⟨
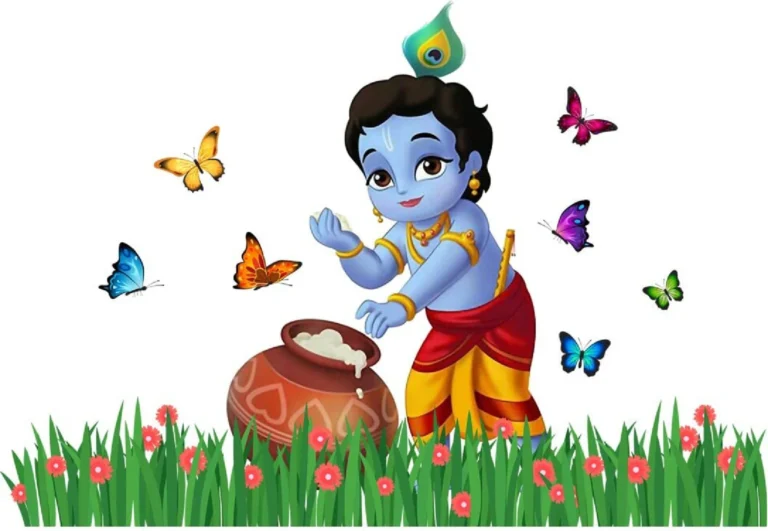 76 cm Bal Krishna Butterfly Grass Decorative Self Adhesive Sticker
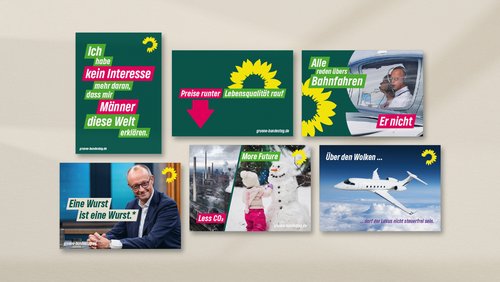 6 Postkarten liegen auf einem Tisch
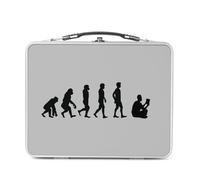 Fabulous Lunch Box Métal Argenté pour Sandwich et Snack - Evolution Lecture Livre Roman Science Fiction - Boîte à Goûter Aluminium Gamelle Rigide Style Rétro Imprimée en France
⟩
⟨
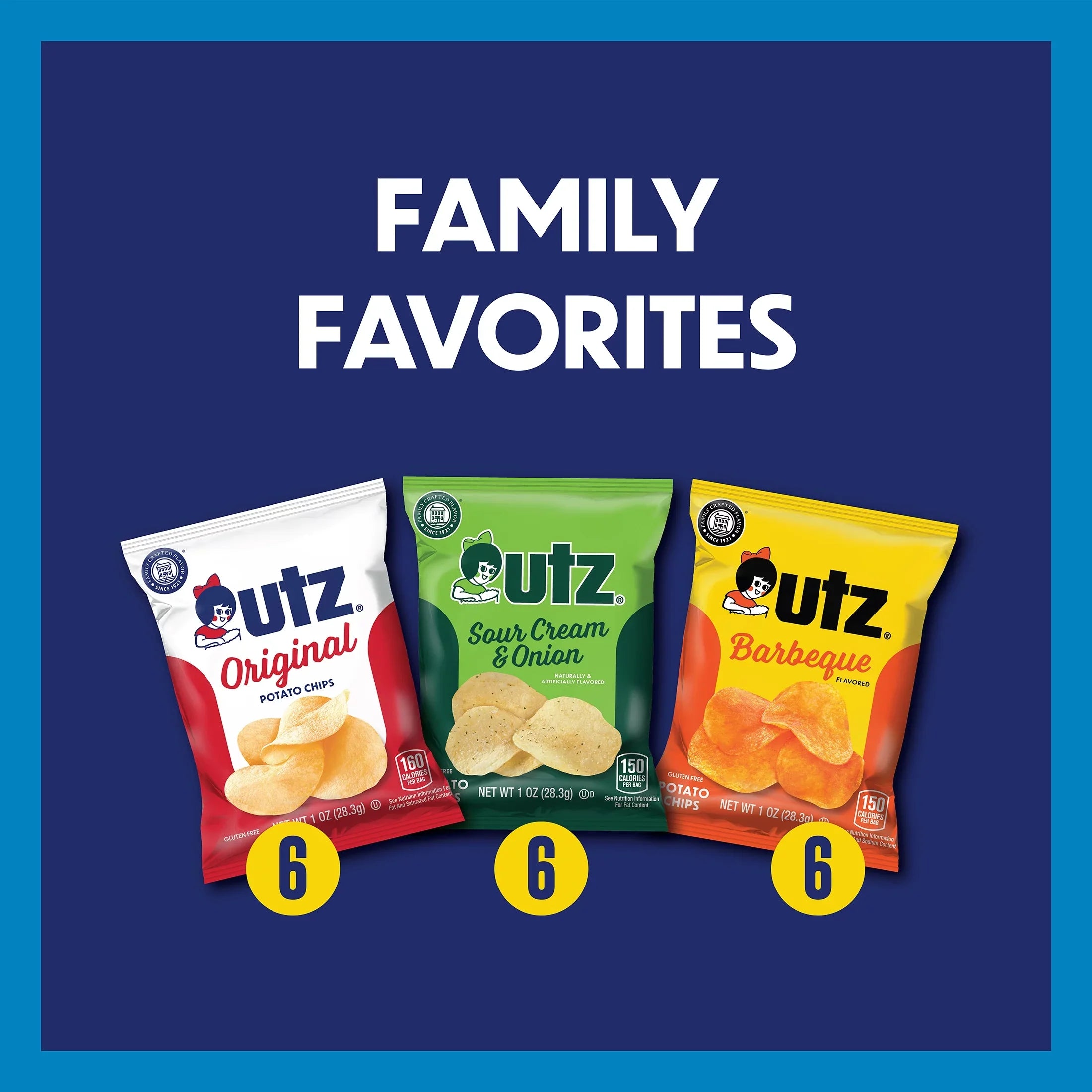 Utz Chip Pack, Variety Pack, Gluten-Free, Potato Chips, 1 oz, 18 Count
⟩
⟨
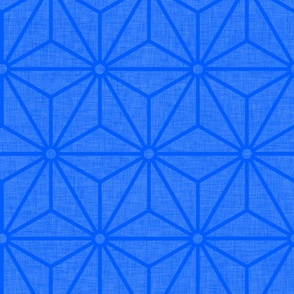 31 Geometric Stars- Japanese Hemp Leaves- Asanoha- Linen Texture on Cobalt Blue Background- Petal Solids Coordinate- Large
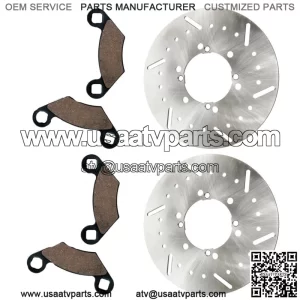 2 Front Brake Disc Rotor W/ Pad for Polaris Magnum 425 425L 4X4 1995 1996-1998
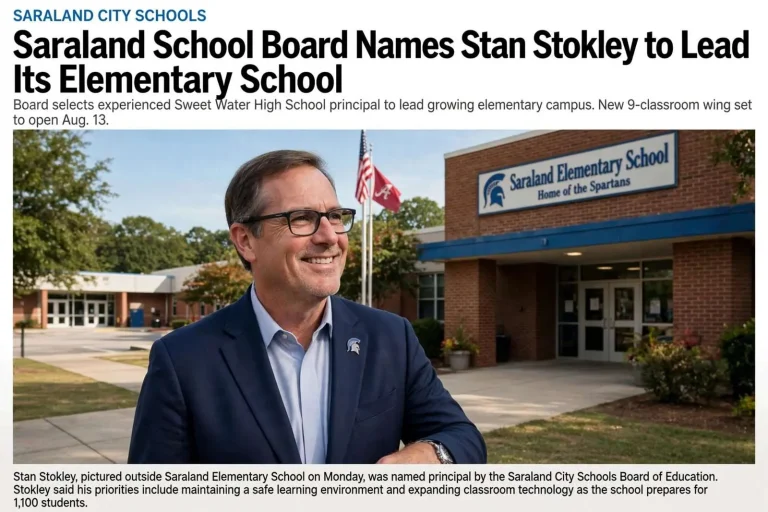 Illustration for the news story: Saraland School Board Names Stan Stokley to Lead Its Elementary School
⟩
Copy out exactly the material that runs from the line with "2 Front Brake" to the line with "Illustration for the", ends included, and leave the pictures behind.

 2 Front Brake Disc Rotor W/ Pad for Polaris Magnum 425 425L 4X4 1995 1996-1998
 Illustration for the news story: Saraland School Board Names Stan Stokley to Lead Its Elementary School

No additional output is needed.